Training organization in Vienna

The Joint Vienna Institute (JVI) is an international organization in Vienna, Austria. It was established in 1992 to provide professional training to public officials from economic institutions, including central banks, supporting the post-communist transition in Central and Eastern Europe and the post-Soviet states.

==Overview==

The JVI was established in September 1992 as a common project of the Austrian Ministry of Finance, Bank of International Settlements (BIS), European Bank for Reconstruction and Development (EBRD), International Monetary Fund (IMF), Organisation for Economic Co-operation and Development (OECD), Oesterreichische Nationalbank (OeNB), and International Bank for Reconstruction and Development (World Bank). The initial idea came from the OeNB, and was strongly supported by IMF Managing Director Michel Camdessus.

The JVI was initially intended as a temporary structure to accompany the post-communist transition, expected to close in August 2004. In 2002, however, the sponsoring organizations decided to make it permanent. In the early 2010s, the Austrian government and the IMF were the JVI's main financial backers.
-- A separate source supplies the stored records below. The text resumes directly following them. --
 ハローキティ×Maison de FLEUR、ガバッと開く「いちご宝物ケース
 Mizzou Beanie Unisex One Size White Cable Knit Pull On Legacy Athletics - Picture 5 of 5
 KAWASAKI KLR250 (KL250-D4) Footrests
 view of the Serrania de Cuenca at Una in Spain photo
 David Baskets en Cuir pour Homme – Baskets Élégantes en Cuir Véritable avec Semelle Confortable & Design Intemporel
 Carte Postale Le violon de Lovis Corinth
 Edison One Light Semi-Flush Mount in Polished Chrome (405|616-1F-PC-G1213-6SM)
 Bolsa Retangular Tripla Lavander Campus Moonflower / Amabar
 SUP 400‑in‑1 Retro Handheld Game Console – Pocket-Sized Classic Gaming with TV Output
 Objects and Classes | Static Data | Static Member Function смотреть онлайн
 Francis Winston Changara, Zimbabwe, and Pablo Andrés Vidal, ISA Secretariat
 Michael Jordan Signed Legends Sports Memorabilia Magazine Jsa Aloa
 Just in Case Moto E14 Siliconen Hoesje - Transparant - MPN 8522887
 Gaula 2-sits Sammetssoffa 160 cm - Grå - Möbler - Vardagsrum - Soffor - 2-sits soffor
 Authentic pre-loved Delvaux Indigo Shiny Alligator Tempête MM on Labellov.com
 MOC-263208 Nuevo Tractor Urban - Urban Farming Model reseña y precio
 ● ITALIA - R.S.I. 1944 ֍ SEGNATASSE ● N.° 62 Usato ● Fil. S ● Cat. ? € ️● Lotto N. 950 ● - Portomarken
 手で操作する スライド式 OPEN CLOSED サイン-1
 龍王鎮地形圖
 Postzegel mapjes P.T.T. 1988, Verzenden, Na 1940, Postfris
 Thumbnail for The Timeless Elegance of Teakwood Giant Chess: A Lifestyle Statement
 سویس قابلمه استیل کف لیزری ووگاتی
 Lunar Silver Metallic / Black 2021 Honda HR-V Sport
They have extended their financial commitment to the JVI on a four-year basis, with renewals in 2010, 2014, 2018, and 2022.

The JVI's membership was expanded beyond the founders to include the World Trade Organization (WTO) in 1998 and the European Investment Bank (EIB) in 2013. The European Commission, which supported the JVI from the start but declined to be one of its founding members for legal reasons, gained observer status in 2007.

==Leadesrhip==

- Andrew Beith, Director 1992-1995
- Horst Struckmeyer, Director ca. 1995-1998
- Lindsay Wolfe, Director ca. 1998-2002
- Pamela Bradley, Director ca. 2002-2006
- Eduard Hochreiter, Director 2006-2012
- Norbert Funke, Director 2012-2016
- Thomas Richardson, Director 2016-2020
- Hervé Joly, Director since 2020

==Influence==

The JVI's perceived success has inspired the IMF to co-sponsor similar ventures in other regions:
- the Singapore Regional Training Institute (STI) established in 1998-1999 with the Singaporean government;
- the Joint Africa Institute in Abidjan (1999-2009) and Joint Partnership for Africa in Tunis (2010-2017), both with the African Development Bank;
- the IMF–Arab Monetary Fund Regional Training Program also established in 1999 and superseded in 2011 by the IMF–Middle East Center for Economics and Finance (MECEF) in Kuwait City;
- the Joint China-IMF Training Program (CTP) established in 2000 with the People’s Bank of China and succeeded in 2018 by the China-IMF Capacity Development Center (CICDC);
- the Joint Regional Training Center for Latin America (BTC), active in Brazil from 2001 to 2020;
- the Joint India-IMF Training Program (ITP), established in 2006 with the Reserve Bank of India with support from Australia and succeeded in 2017 by the South Asia Regional Training and Technical Assistance Center (SARTTAC);
- the Africa Training Institute (ATI) established in 2013 in Mauritius.

Since 2016, these are collectively referred to by the IMF as Regional Capacity Development Centers (RCDCs).